There's no let up in Microsoft's assault on Google. As part of its 'Scroogled' campaign, it's now taking aim at the recent Gmail redesign, accusing the search giant of bombarding users with spam, our sister site ZDNet reports.

The Gmail redesign saw a new inbox split into three tabs -- Primary, Social and Promotions. We reported recently how Google had started emailing you adverts. Now Microsoft is using that as a stick to beat Google with.

It's even made a video about it.

"Your email provider should protect you from spam," the video says. "But Google is now spamming Gmail users by placing ads in their inboxes." It then goes through how it works, how Google scans your inbox for keywords, and then uses that data to "target you with junkmail".

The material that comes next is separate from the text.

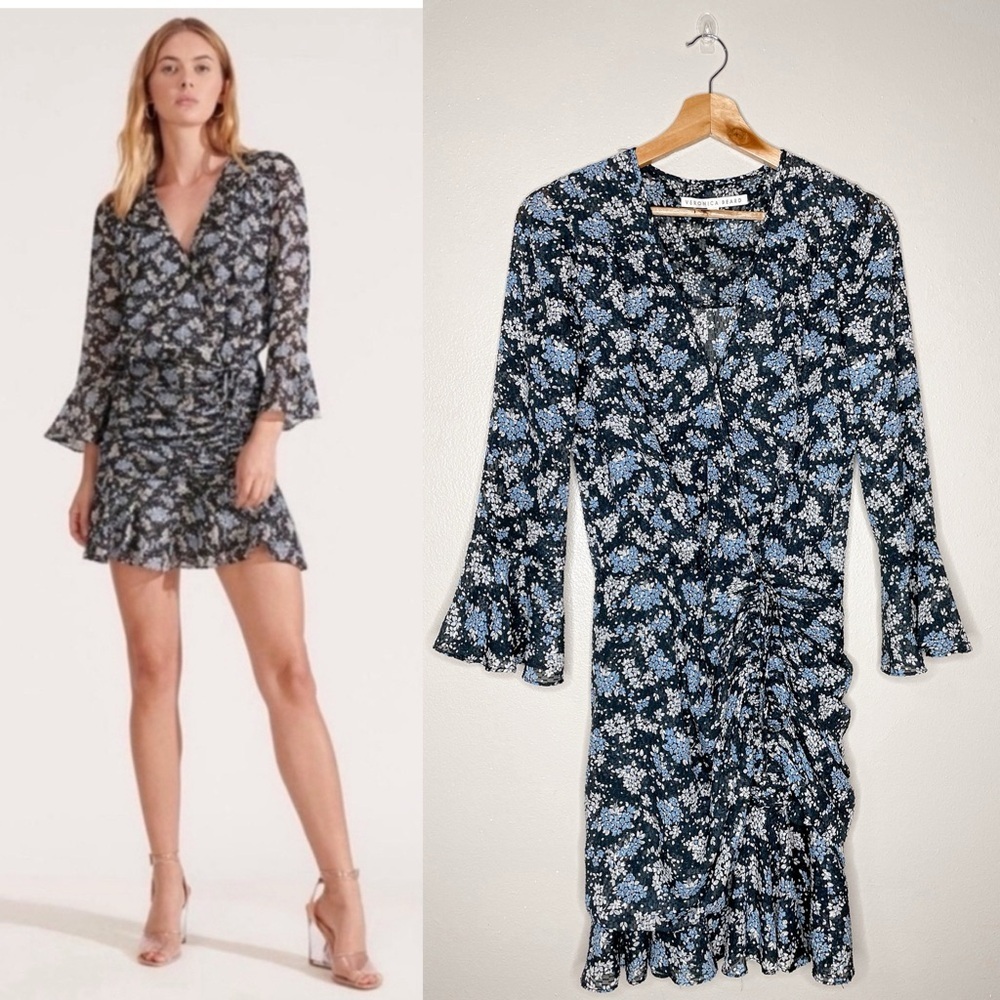 Veronica Beard | Sean Gathered Multicolor Petal Print Dress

Microsoft quotes Time magazine as saying the ads make Gmail worse, and says that 89 per cent of email users "disapprove of advertisements being made to look like personal emails". That's according to a GFK Roper study commissioned by, er, Microsoft.

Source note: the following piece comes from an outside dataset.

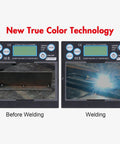 Large Viewing Auto Darkening Welding Helmet With True Color Clarity, welding process comparison, before and during welding views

It's not the first time Microsoft has waged war with Google over privacy. Its Scroogled campaign previously accused Google of spying on its customers. How? By scanning their emails for keywords to target ads to them. "We don't scan the content of your email to target you with ads, and don't spam your inbox with ads that look like personal email," Microsoft says on its Scroogled site.

I don't think anyone really likes being emailed adverts, but I have to be honest, I haven't found them too intrusive. They do land in the Promotions tab of the inbox, which is full of junk anyway. I think Microsoft is wasting its time with the whole campaign. Wouldn't it make more sense to big up your own email service instead of trying to do down others?